Penser au pain uniquement quand on a faim ? Se souvenir de sa portée symbolique au moment de la communion ? Ce n’est pas le cas de Salvador Dalí. Le pain l’obsède, il le voit partout. " Le pain, un des thèmes les plus fétichistes et obsessionnels de mon travail" – avoue-t-il.
Salvador Dali coiffé d’un chapeau de pain et tenant un tournesol en 1958 |
Sur une photo de 1958, on voit l'artiste coiffé d'une grosse brioche tressée. Tel un roi avec sa couronne : le pain élève et anoblit. Dans « Suis-je un génie ? » il raconte la cérémonie du couronnement : deux personnes apportent le pain solennellement et le lui mettent sur la tête, le distinguant ainsi parmi la foule des invités.
Même l’objet le plus désiré, le sein de sa femme aimée, lui rappelle la croûte du pain blanc. En 1945, Salvador Dalí peint un portrait de Gala à la poitrine dénudée et déclare : « Les bras croisés de Gala ressemblent aux entrelacs de la corbeille à pain, et sa poitrine à la croûte du pain. (…) Aujourd’hui, alors que Gala s’est élevée dans la hiérarchie héraldique de ma noblesse, elle est devenue ma corbeille de pain ».
La corbeille de pain (1945) |
Toujours en 1945, la corbeille de pain revient dans son œuvre encore une fois. Cette fois-ci, c’est une « vraie », et avec une vraie croûte. Sur le tableau présenté à la galerie Bignou à New York, la corbeille, brillante et claire, se noie dans le noir total.

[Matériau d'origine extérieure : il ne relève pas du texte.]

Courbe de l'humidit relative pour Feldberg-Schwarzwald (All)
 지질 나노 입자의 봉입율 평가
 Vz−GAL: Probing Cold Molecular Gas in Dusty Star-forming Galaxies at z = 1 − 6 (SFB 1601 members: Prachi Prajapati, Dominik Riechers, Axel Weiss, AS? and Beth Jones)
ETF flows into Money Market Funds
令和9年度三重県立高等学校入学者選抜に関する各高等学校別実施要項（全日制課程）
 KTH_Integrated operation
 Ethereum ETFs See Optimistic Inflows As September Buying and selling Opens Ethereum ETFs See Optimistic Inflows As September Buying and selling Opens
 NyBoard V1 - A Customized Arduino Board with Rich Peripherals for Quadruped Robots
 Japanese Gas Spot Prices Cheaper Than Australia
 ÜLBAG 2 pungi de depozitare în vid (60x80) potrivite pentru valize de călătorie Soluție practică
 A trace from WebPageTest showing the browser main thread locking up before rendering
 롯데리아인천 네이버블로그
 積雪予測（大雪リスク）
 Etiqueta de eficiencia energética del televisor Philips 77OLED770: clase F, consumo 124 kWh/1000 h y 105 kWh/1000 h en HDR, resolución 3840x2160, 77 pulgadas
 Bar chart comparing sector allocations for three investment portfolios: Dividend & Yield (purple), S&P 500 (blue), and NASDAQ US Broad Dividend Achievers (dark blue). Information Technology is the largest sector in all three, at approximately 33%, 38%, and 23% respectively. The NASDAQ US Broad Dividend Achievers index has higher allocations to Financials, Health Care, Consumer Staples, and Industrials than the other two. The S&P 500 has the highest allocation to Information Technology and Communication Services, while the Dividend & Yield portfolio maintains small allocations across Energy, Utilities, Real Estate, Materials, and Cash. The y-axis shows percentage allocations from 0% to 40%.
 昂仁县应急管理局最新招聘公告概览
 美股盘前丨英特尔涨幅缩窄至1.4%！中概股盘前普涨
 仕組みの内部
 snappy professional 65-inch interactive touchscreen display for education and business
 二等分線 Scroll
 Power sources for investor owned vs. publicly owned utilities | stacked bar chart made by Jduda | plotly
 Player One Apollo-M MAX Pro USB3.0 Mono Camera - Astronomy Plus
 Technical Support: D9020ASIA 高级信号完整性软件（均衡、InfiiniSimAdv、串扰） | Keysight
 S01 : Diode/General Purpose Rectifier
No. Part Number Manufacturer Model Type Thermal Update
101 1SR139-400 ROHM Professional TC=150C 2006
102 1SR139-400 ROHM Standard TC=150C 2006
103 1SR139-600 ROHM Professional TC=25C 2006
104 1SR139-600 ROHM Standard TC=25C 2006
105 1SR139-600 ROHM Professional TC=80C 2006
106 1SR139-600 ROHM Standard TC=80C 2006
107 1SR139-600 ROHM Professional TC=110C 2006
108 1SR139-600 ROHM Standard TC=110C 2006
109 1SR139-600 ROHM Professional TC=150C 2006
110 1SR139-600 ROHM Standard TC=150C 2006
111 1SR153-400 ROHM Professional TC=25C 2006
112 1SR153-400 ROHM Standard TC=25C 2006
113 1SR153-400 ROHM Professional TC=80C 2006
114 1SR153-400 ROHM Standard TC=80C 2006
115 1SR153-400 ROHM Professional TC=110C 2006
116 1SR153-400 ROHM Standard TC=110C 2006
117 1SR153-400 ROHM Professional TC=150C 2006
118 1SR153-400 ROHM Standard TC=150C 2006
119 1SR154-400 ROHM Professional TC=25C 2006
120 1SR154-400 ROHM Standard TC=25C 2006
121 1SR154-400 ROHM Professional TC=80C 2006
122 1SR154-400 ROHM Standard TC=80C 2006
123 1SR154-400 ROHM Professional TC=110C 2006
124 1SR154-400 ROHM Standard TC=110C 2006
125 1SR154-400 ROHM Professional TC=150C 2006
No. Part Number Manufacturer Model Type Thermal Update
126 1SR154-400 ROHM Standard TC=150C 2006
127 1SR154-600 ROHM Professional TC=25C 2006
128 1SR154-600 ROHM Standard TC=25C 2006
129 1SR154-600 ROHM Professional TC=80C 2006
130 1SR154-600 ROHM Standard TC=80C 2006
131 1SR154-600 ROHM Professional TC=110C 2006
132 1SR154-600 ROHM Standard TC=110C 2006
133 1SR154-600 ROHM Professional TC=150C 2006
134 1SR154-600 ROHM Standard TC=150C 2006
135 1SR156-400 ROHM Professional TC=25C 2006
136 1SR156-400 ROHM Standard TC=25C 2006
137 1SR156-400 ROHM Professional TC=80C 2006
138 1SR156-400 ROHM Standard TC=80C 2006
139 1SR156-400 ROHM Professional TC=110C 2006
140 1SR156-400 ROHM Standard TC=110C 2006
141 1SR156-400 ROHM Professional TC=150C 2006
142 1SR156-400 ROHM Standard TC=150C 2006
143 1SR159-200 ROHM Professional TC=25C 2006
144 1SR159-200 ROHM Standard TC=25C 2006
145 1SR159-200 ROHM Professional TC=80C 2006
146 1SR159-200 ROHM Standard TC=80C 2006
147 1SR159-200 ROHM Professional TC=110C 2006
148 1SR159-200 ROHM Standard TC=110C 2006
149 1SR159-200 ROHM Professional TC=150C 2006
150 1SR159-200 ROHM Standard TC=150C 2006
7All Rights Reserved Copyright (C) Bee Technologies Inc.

Le pain, c’est la vie, le reste, c’est le néant.
La montre moue représente pour Dalí l’éternité, l’œuf est l’image de la perfection, mais c’est le pain qui constitue le monde entier qui l’entoure. Le pain anthropomorphe (Pain anthropomorphe, 1932), le pain phallique (Pain Catalan, 1932), le pain érotique (Pain français moyen avec deux œufs sur le plat sans le plat, essayant de sodomiser une mie de pain portugais, 1932), le pain, corps du Christ (Croix nucléaire, 1952) : le pain est son lien entre le corps matériel et spirituel, l’incarnation de l’érotisme et l'évocation du sacré.
Croix nucléaire 1952 |
Peu à peu, les miettes de pain amènent Dalí à Paris. Toujours dans « Suis-je un génie ? » il écrit : « Les boulangers m’imitent ! Ce n’est plus le pain de Paris, c’est le pain de Dalí ! » Effectivement, la baguette géante qu’il fait faire pour sa rétrospective au Centre Georges Pompidou en 1980 et que plusieurs hommes portent sur leurs épaules, attire les foules.
Celui qui se fait sacrer « empereur de Montmartre », n’a-t-il pas choisi la Butte pour ses moulins ? Le moulin de la Galette ressemble beaucoup à ceux qui apparaissent dans l’édition de Don Quichotte dont Dalí est l’illustrateur. C’est d’ailleurs à Montmartre, place Jean-Baptiste-Clément, qu’il inaugure le livre et effectue un dessin devant le public. Et c’est le pain imbibé d’encre qui lui sert de pinceau.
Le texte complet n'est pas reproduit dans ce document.